PICO DA VIGIA 2
Pessoas, costumes, estórias e tradições da Fajã Grande das Flores e outros temas.
NOVEMBRO (DIÁRIO DE TI ANTONHO)
Para mim este mês de novembro é um dos mais tristes do ano. Nunca me agradou lá grande coisa. Para além de ser um mês em que os campos estão quase desertos e muito pouco produzem é um mês escuro, desolado e muito triste. Não há flores nem frutos, a não ser as castanhas, e as folhas das árvores tornam-se amareladas e caem. Novembro é também o mês durante o qual na igreja da nossa freguesia se celebram as novenas das almas, durante as quais se reza e se recordam todos os mortos desta freguesia desde do cimo da Assomada até ao fim da Via d’Água. Todos os dias o nosso pároco invoca os defuntos de todas as casas, uma por uma…
O mês de novembro é pois um mês de luto e de tristeza. Quando eu era criança até me assustava ao ver, à noite, na nossa igreja muito escura, aquele cadafalso coberto com um pano negro, debruado a amarelo. O pároco durante as cerimónias também se vestia com paramentos pretos, assim como o povo vestia roupas escuras, sobretudo os mais velhos.
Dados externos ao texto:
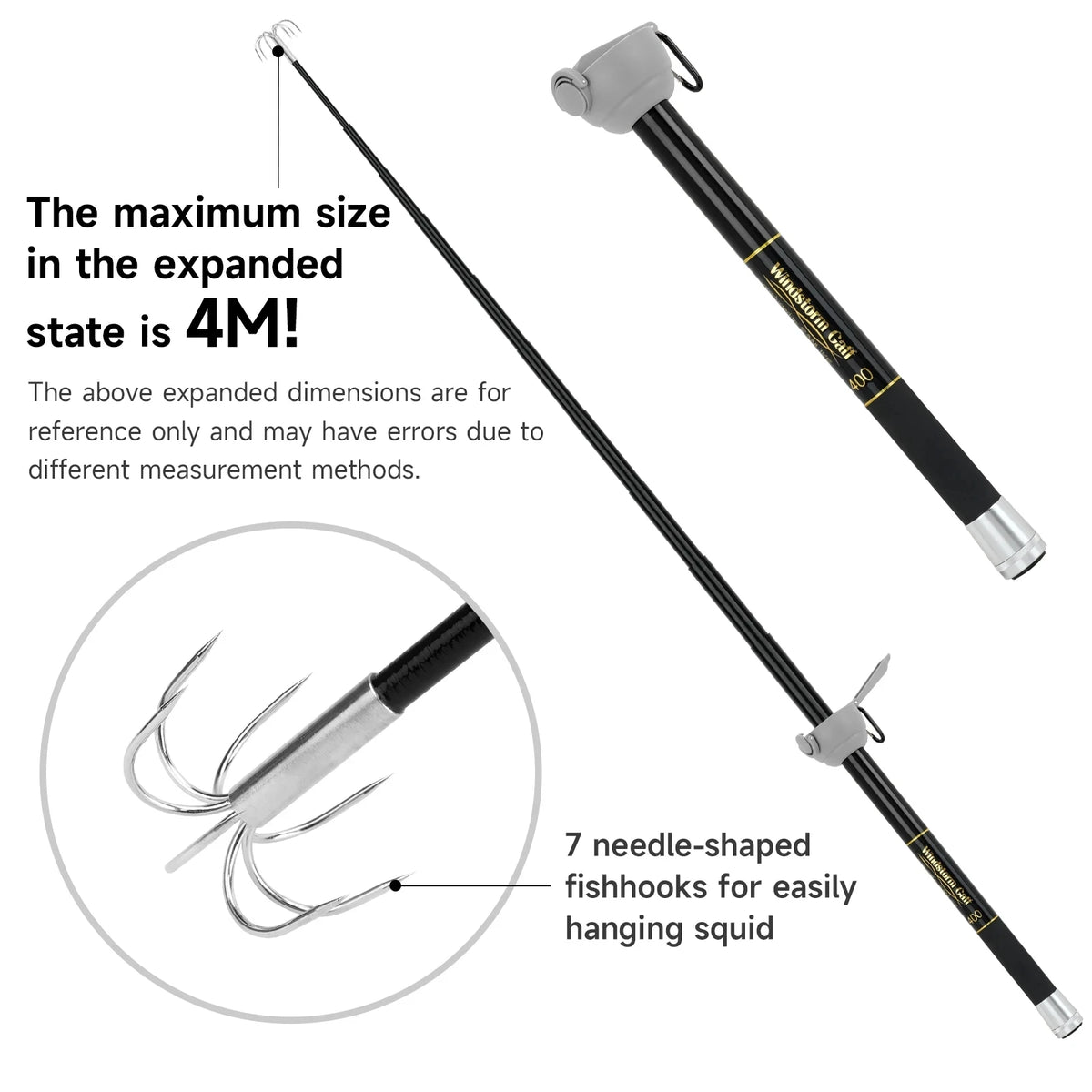 Telescopic Squid Hooks Fibreglass Rods Stainless Steel 7 Claw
Tudo na igreja estava envolto num ambiente fúnebre e sinistro, que causava susto às crianças e contribuía para a tristeza que se estampava nos rostos dos adultos. Além disso todos os dias, à noite, a fim de chamar o povo para as novenas e orações, os sinos da igreja dobravam a finados, como se tivesse morrido alguém. Diziam os nossos avós que era o enterro do velho Laranjinho.
Durante as novenas, umas vezes em português outras lá nos arrevesados latins, o pároco só falava do inferno e das penas que lá havíamos de sofrer se morrêssemos em pecado. Que susto e que tormento!
- “Libera animus omnium fidelium defunctorum de poenis inferni. – Proclamava nos latins. E acrescentava - Requiescant in pacem! Ao que o respondia o povo:
- Amen!
Outras vezes terminando o sermão, o pároco dizia em português:
- Livrai as nossas almas das fauces do leão, não as engula o abismo e não caiam nas profundezas tenebrosas do inferno”.
Na Fajã Grande sempre houve uma devoção muito grande às almas do Purgatório. Para além de se recordarem com sufrágios e orações especiais durante este mês que lhes era dedicado, todas as casas, no dia da matança do porco, guardavam a língua e traziam-na para a igreja, a fim de ser arrematada. Com o dinheiro de todas as línguas o mordomo das almas mandava celebrar missas por todos os defuntos da freguesia. No dia um era feita uma derrama pela freguesia, na qual se juntavam sacos e sacos de milho, cujo dinheiro da venda tinha o mesmo fim.
Por tudo isto é que este mês de novembro era um mês especial dedicado particularmente aos fiéis defuntos. Mas muito, muito triste!